Enfin, la Cour d’appel a insisté sur l’obligation de « respecter et protéger la conscience en éveil des enfants », qu’elle a estimé constituer « l’exigence professionnelle essentielle et déterminante » exigée pour justifier les restrictions aux libertés des salariés. L’UFAL ne peut qu’approuver cette reconnaissance des spécificités éducatives de la petite enfance, et reste pour cela opposée à la notion de « crèche confessionnelle » où l’on endoctrine les bébés.
Cependant, la notion d’entreprise de conviction avancée par la Cour d’appel constitue une novation en droit français, qui ne la reconnaît pas, donc une fragilité. Il n’est pas sûr que la Cour de cassation, s’il y a un nouveau pourvoi, la retienne.

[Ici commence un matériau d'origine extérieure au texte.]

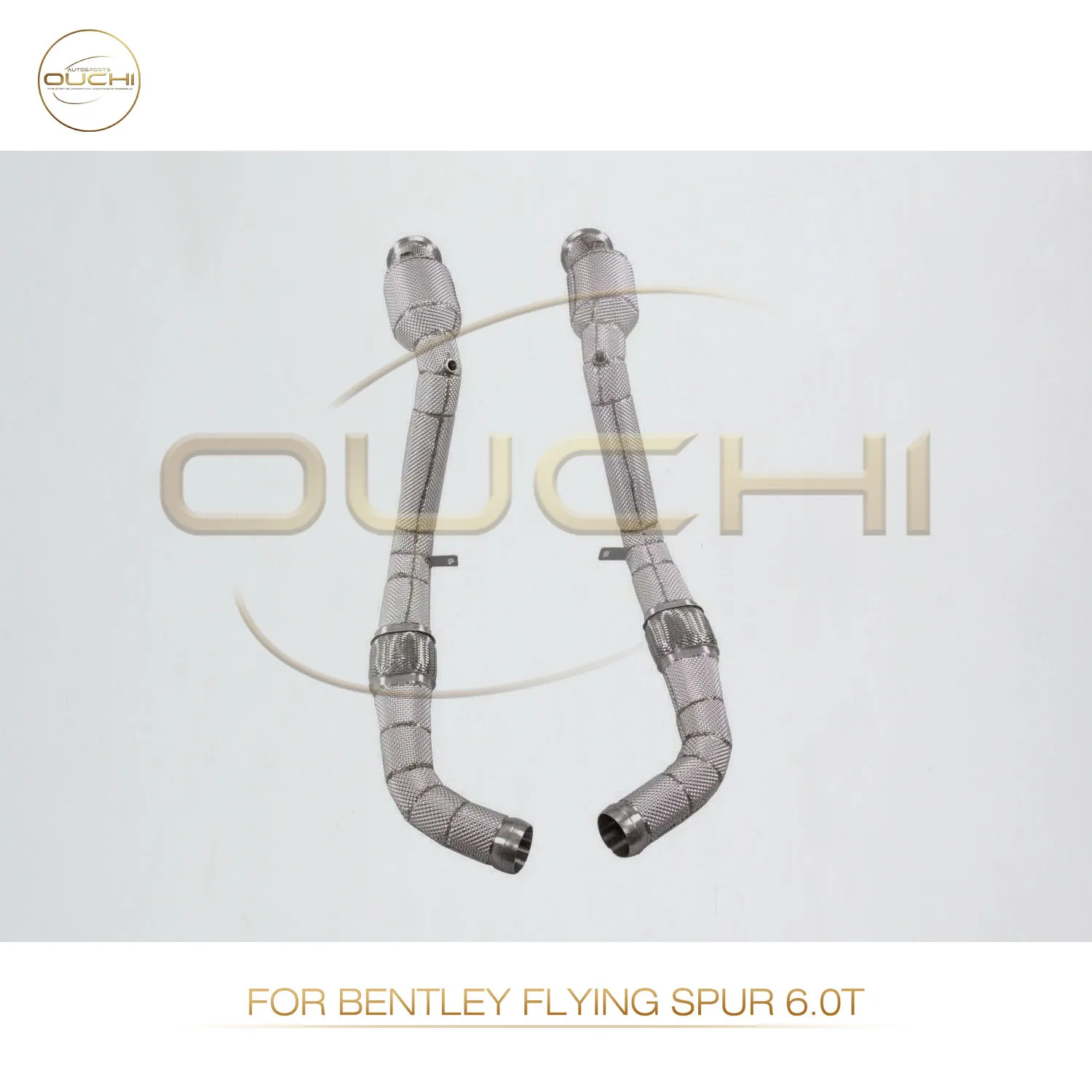 

OUCHI Factory Direct Sales Exhaust System For Bentley Flying Spur 6.0T Stainless Steel Downpipe With Heat Shield Easy Install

Cette impasse, au-delà de la question des crèches, fragilise l’ensemble des organismes laïques dans leurs rapports avec leurs salariés, alors même que les entreprises et associations confessionnelles, au nom de leur caractère propre, sont admises à restreindre les droits de leurs agents.
Pour en sortir, l’UFAL réaffirme la nécessité d’une loi, qu’avait paru souhaiter le Président de la République avant de faire machine arrière, l’Observatoire de la laïcité et d’autres organismes servant d’alibis commodes. Mais il ne faut pas se tromper de loi.
L’UFAL a toujours défendu vigoureusement le « principe constitutionnel de laïcité », dont elle demande d’ailleurs l’extension à l’interdiction de subventionnement des cultes et aux territoires de la République hors laïcité. Si ce principe est effectivement restreint à la sphère de l’autorité publique, l’UFAL souligne que la laïcité a aussi un sens élargi, celui de « mode d’organisation, et/ou option non-confessionnelle, ou neutre religieusement ». Ce sens est celui des lois sur l’enseignement public « laïque » et du Préambule de la Constitution, ou de notre appellation reconnue de « familles laïques ». La laïcité est un cadre, aussi bien privé que public, qui, n’adoptant aucune idéologie particulière, les permet toutes, sous réserve de l’ordre public.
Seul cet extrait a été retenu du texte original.